• GIVEN DATA:
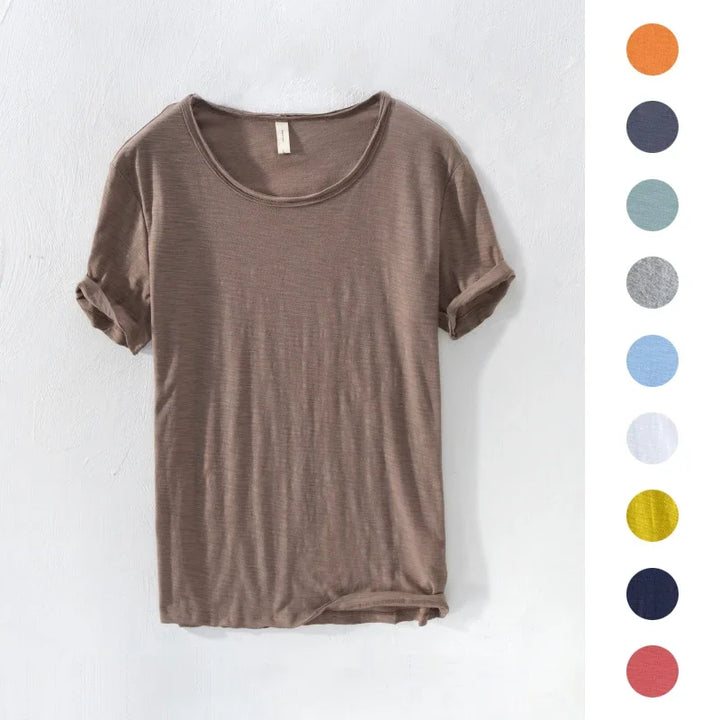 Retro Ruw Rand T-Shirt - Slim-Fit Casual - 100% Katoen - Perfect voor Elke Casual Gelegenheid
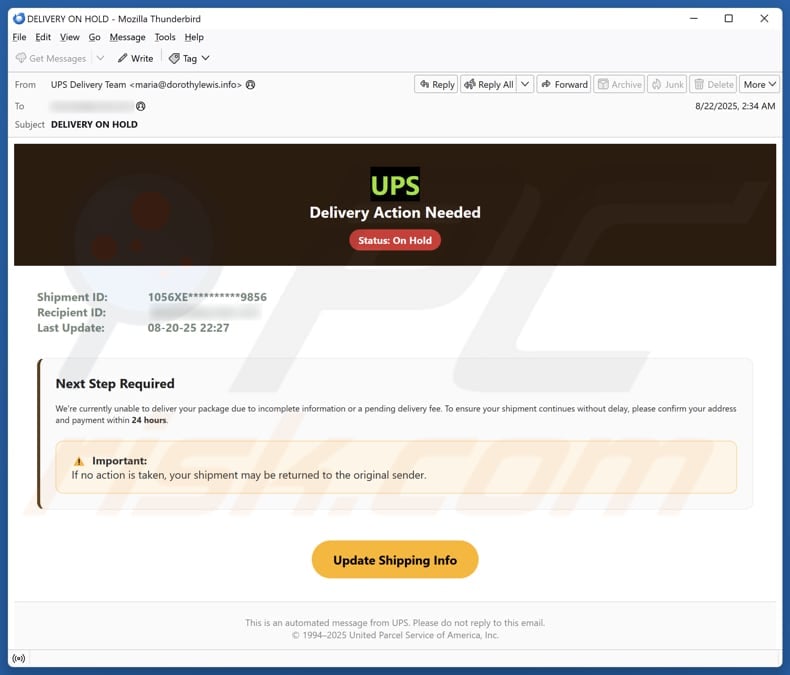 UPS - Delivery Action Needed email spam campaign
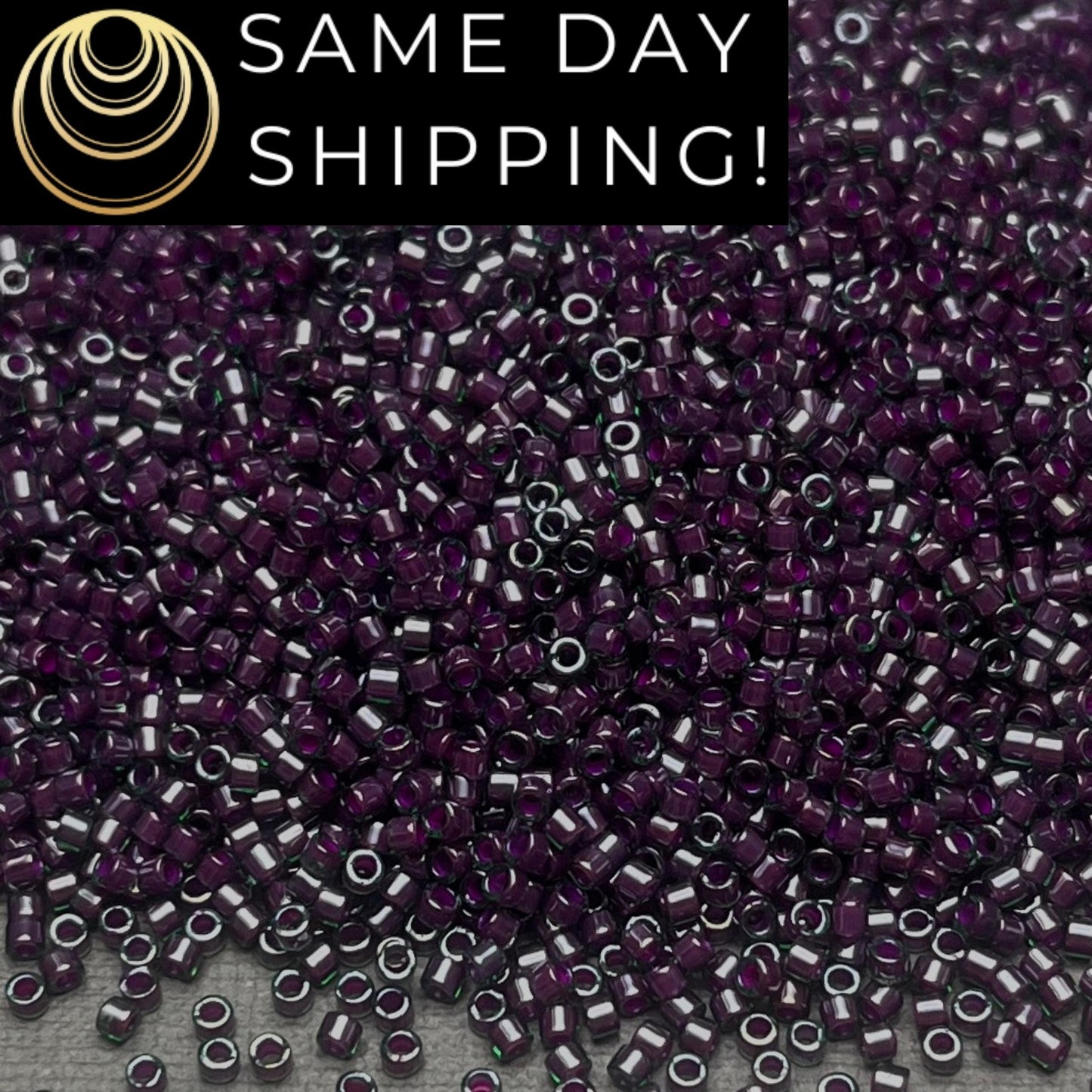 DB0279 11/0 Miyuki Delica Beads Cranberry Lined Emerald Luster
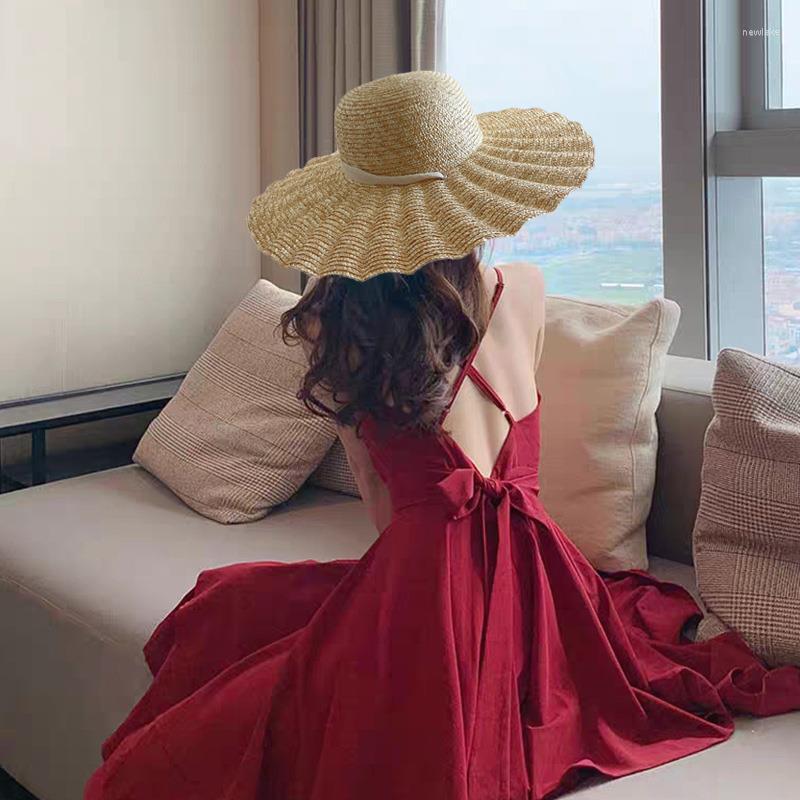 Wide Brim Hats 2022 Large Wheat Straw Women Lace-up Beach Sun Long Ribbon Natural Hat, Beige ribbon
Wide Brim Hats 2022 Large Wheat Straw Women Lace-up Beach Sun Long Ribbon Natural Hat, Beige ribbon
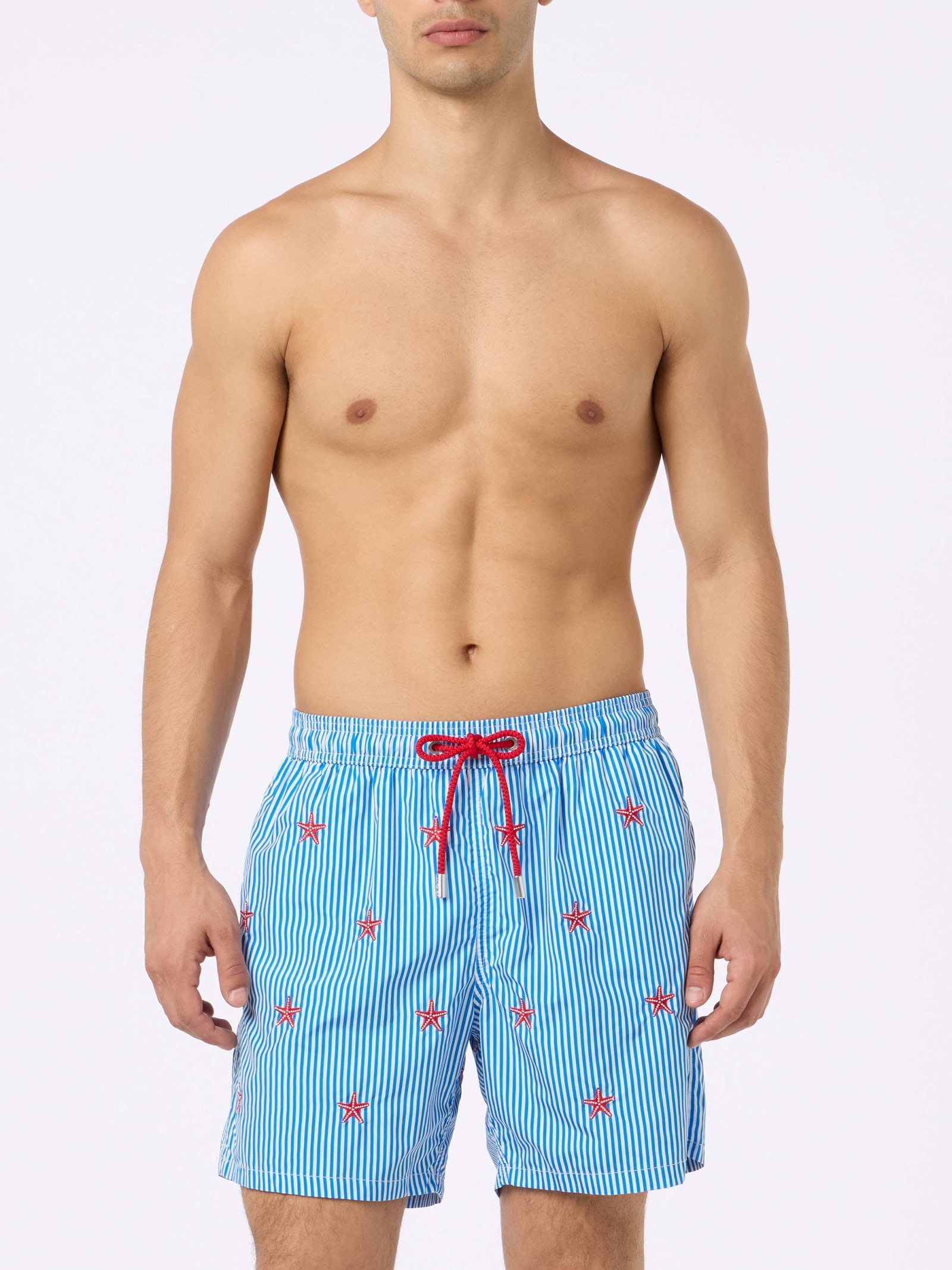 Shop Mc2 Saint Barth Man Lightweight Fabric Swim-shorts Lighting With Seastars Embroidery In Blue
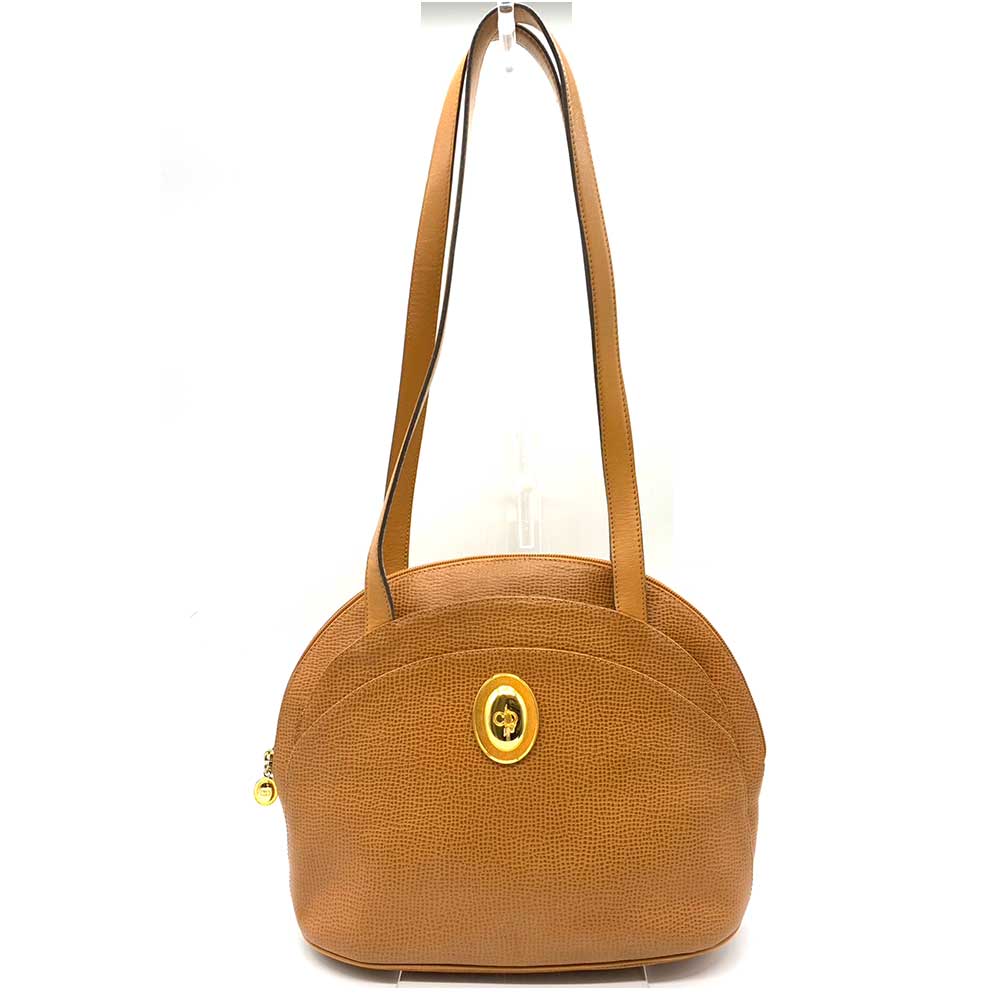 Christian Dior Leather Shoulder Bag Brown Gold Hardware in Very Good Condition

• WHAT IS BEING ASKED: Leaving out the pictures, return the records exactly as given.

• WRITTEN REPLY:
 Retro Ruw Rand T-Shirt - Slim-Fit Casual - 100% Katoen - Perfect voor Elke Casual Gelegenheid
 UPS - Delivery Action Needed email spam campaign
 DB0279 11/0 Miyuki Delica Beads Cranberry Lined Emerald Luster
 Wide Brim Hats 2022 Large Wheat Straw Women Lace-up Beach Sun Long Ribbon Natural Hat, Beige ribbon
Wide Brim Hats 2022 Large Wheat Straw Women Lace-up Beach Sun Long Ribbon Natural Hat, Beige ribbon
 Shop Mc2 Saint Barth Man Lightweight Fabric Swim-shorts Lighting With Seastars Embroidery In Blue
 Christian Dior Leather Shoulder Bag Brown Gold Hardware in Very Good Condition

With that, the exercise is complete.